I was extremely successful in the real estate escrow business, right out of the gate. I had all the right buzz words, wore the right clothes, the whole package. I knew all the bankers. One day my sister just looked at me and said, "You are the oldest 22-year-old I've ever seen in my life." And it finally hit me: "God, she's right. I'm doing what I was told to do. I'm climbing this ladder, and I don't even want to get to the top." I decided to follow my heart and get back into the music business, so I moved to California.
I had this knack of promoting products to consumers. I set up all these promotional campaigns to give a little twist to selling the product. Prerecorded tape grew into a major business, and I became vice president of sales and promotion with the General Recorded Tape Corp. Then there was the personal computer software division at GRT, pre-Microsoft and pre-Lotus, and the video game thing at Activision and Data Age. These were all major brand new start-up entrepreneurial situations.
Four years ago I decide to really make a change and stop becoming so involved in the corporate stream of things. I just decided I needed a rest.
What I did enjoy about all of those companies I worked for were the stages when they were young, when it was pure spirit, and there was a lot of energy. I decided to focus my efforts on individuals and small or medium-sized companies that have a great idea but don't know how to manufacture it and package it and price it and advertise it. I can really relate to their energy, their dreams and aspirations. They are really laying themselves on the line. I like that.
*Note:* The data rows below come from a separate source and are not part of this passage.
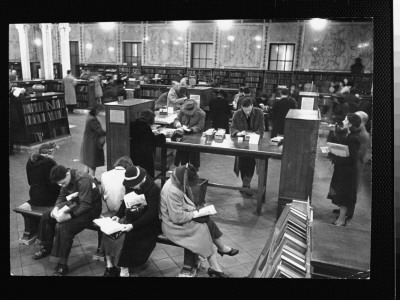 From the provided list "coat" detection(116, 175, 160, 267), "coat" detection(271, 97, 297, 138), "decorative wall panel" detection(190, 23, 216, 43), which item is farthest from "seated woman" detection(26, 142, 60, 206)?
"decorative wall panel" detection(190, 23, 216, 43)

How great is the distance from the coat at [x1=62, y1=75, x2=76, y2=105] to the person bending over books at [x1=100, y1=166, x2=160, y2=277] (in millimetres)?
8473

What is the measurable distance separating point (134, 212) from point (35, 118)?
562cm

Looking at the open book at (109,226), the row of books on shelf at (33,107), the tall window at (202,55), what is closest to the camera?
the open book at (109,226)

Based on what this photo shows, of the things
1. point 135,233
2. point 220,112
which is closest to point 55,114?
point 220,112

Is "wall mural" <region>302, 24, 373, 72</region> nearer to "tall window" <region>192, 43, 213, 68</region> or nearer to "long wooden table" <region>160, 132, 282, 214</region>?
"tall window" <region>192, 43, 213, 68</region>

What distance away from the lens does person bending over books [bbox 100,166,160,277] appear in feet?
11.4

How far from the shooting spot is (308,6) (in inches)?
116

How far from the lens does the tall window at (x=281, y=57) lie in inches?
549

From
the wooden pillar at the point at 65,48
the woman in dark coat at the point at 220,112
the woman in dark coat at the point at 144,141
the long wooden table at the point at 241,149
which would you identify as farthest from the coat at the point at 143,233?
the wooden pillar at the point at 65,48

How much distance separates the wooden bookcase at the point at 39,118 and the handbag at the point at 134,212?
202 inches

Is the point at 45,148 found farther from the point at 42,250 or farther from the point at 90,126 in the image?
the point at 90,126

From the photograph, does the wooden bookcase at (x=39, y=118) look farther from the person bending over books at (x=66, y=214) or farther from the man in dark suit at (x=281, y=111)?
the man in dark suit at (x=281, y=111)

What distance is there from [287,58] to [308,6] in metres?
11.9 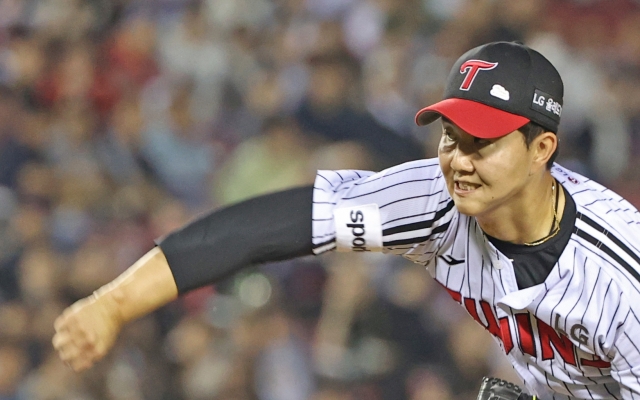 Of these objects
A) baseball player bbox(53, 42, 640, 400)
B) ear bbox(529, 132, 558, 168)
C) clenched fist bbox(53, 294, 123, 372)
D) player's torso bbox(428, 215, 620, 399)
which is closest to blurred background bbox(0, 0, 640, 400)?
player's torso bbox(428, 215, 620, 399)

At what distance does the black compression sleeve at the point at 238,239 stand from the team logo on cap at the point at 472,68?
0.47m

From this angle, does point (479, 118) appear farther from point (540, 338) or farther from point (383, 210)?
point (540, 338)

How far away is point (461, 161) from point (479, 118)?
112 millimetres

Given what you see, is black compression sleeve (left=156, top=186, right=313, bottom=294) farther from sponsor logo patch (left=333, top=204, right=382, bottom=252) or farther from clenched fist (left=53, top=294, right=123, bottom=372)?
clenched fist (left=53, top=294, right=123, bottom=372)

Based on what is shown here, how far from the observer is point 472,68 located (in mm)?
2133

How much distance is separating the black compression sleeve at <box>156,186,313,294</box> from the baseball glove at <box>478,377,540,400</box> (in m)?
0.79

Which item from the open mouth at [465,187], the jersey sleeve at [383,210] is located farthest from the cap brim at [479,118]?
the jersey sleeve at [383,210]

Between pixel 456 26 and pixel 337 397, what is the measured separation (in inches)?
85.1

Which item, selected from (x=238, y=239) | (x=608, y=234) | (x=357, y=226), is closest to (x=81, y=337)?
(x=238, y=239)

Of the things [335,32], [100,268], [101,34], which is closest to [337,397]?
[100,268]

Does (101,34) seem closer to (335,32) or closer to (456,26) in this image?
(335,32)

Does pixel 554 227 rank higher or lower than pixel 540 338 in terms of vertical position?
higher

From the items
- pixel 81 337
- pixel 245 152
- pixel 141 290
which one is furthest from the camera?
pixel 245 152

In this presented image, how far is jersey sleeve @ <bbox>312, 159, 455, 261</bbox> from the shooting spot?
7.38 feet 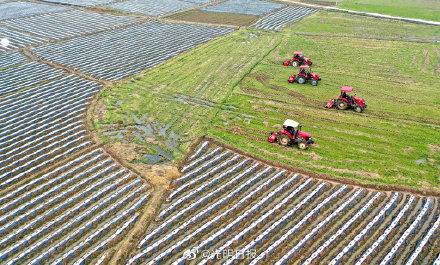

I'm always for the underdog.
So I get up at 4:30 or 5 in the morning, no alarm clock, I'm just up. From about 4:30 to about 7:30 I operate on a purely creative basis, because that's when your brain is working best. It's not cluttered with the news and the traffic and all that sort of stuff. By the end of those three hours I'll be able to put some things on paper.
At 7:30 I'll normally get on the phone to New York, Chicago, and by 9:30 I'll have breakfast. I'm still in my robe. I haven't even taken a shower. I just wake up, wet my hair down, pour some coffee, go over there and sit down and just start working on all those creative things.
I go down to the pool about noon in the summertime and hang out down there until about 2:30 to clean my brain because I've done so much since 4:30. Then I come back upstairs and do administrative things and make all my West Coast calls. And maybe once a week I'm interfacing with each client. Sometimes I interface once every two weeks. That's my life style, and I love it.
The bad things are, you don't have a secretary. You don't have the corporate experts. As a corporate V.P. I'd call up finance, product development, market research. I'd call up anybody I wanted to. But here you are tapping yourself. And it gets real lonely. You don't have the camaraderie. Once the individual comes to you and says, "This is the idea, now make it happen," you're on your own. When you have a success, you don't have that fixed group to share it with.
It is so wonderful not to have to deal with political battles within corporations. Now I'm doing only the good part, being creative, molding products and companies. In corporations you are bogged down with the reporting, the business meetings, just telling everybody what you're doing rather than doing it.
I've really gone full circle. What I had in Cleveland with the concerts was a great idea. I did it. It was successful, and it was a lot of fun. It's always been the challenge of getting something new off the ground.